The book is divided into two parts. The first part addresses the topic of luxury in history, as a vice that degrades people, blocks a spirituality of material goods, and often fails to help the economy (contra a common assumption). The second part turns to a more substantial definition of luxury, asking the questions of who has more than enough, what is enough, and what is beyond enough. The first part benefits the reader immensely by providing not only a representative treatment of luxury in history, but a framework for considering the moral, spiritual, and economic problems caused by luxury. And yet it is the second part where Cloutier’s argument becomes not only interesting, but compelling. Against those who see describing the vice of luxury akin to nailing jelly to a wall, Cloutier makes a convincing case that luxury can and should be (and, in fact, often is) defined. This valuable contribution is crucial for moral theology’s efforts of addressing the vice of luxury in concrete terms.
Yet this great strength of Cloutier’s book also belies a remaining weakness. While the reader may be persuaded by this overall claim, the instances of luxury provided by Cloutier are debatable. In Chapter 7, for example, Cloutier considers such topics of food and clothing, housing and transportation, and other “necessities.” While the ubiquitous five-dollar latte seems easy enough to categorize as luxury (p. 235), the more complicated situations – as Cloutier acknowledges – call for discernment, and some of Cloutier’s examples are easily open to a different narration than instantiating the vice of luxury.

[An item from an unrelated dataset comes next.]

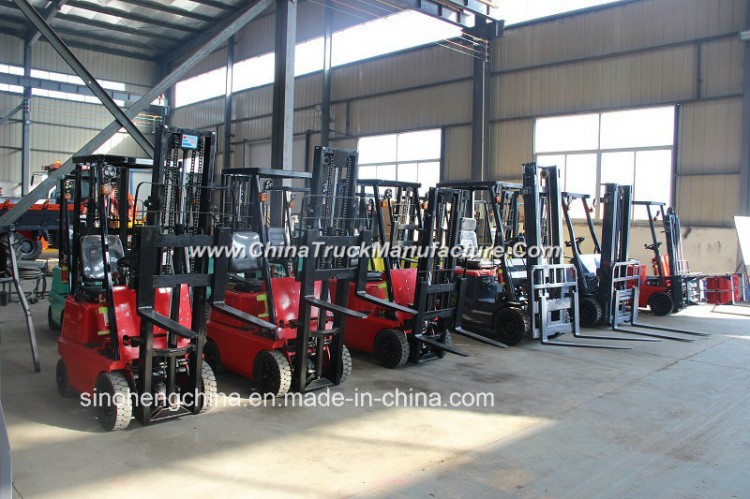 China 0.5 Ton Mini Electric Forklift Truck with Cpd500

One could note that even discernment on these topics is itself a luxury brought on by other underlying lifestyle choices and societal pressures that Cloutier does not treat in detail. As someone raising six children on a single professor’s salary on the East Coast, I personally have to make more challenging basic financial decisions (e.g. how to pay for a necessary $7,000 plumbing repair to a 100-year old house). Hence one wonders if the increased housing size since the 50s, for example, might not appear so problematic were it not for coinciding decreased family size and increasingly later commitment to marriage and raising a family that results in much unused housing space. While Cloutier proves that luxury is not a new problem, he notes the particularity of the problem for America today, with an underdeveloped account of this larger picture. And while Cloutier briefly mentions the need for communal insight when it comes to college and retirement savings, he does not provide substantial suggestions other than the problems of discerning a legitimate advance and guarding against prioritizing independence over interdependence. In reality, college savings (and the problem of college debt delaying marriage and family life) is a serious problem; the first question I receive as the mother of six is how we plan to pay for their college. Additional instances that deserve investigation in the “Other Necessities” category might include medical bills and travel with the purpose of visiting family.
These criticisms do not detract from Cloutier’s immense contributions, but rather point out the direction that other moral theologians should follow as they reflect on this important topic. For this is certainly is a book that deserves attention from the field of moral theology and theology in general; many, if not most of us, can relate to Cloutier’s discussion of luxury at a personal level, and it is time that we devote scholarly (and popular) attention to this vice. While the text as a whole is likely too advanced for the average undergraduate reader, the educated Christian interested in this topic would find it a valuable resource.